Carta de balanço
Eu não queria ocupar o meu tempo
usando palavras
bichadas de costumes.
(Manoel de Barros)
A primeira pergunta é: quantos livros você leu esse ano? Boas leituras nos ajudam a pensar, a amadurecer, a rever, a respirar outros oxigênios. São excelentes companhias para horas de solidão. Se chatos, abandone-os ou persevere. Se prazerosos, desfrute-os. Se difíceis, desafie-se. Se ousados, vá em frente. Se mentirosos, afirme-se em teus princípios. Se verdadeiros, absorva-os.
A segunda pergunta é: o que aprendeste? O que eu queria dizer com isto tive que deixar para ver depois – outro sinal de se estar em caminho certo é o de não ficar aflita por não entender (Clarice Lispector). Aprendemos na hora, embora as lições, com muita frequência, são recolhidas depois. Se criança, aprendeste a falar? Se adulto, aprendeste a caminhar? Se longevo, aprendeste a esperar?

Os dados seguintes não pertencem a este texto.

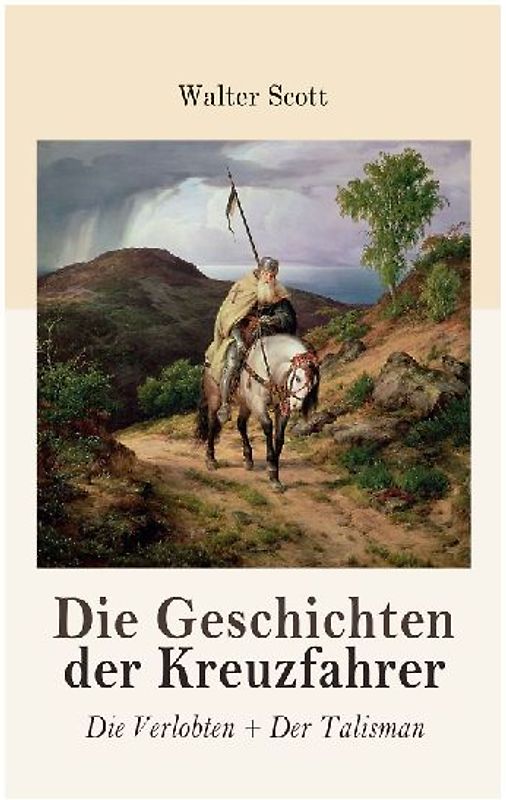 Die Geschichten der Kreuzfahrer: Die Verlobten + Der Talisman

A terceira pergunta é: quem se tornou melhor por tua causa? Para além da religião, da política, dos princípios ideológicos, que proveito teu existir legou para os que conviveram contigo? Essa pergunta é a que contém as tuas maiores riquezas e, ao mesmo tempo, a que mais lentamente devolve as respostas. Difícil saber quais são os que entrariam na fila para nos dizer: muito obrigado!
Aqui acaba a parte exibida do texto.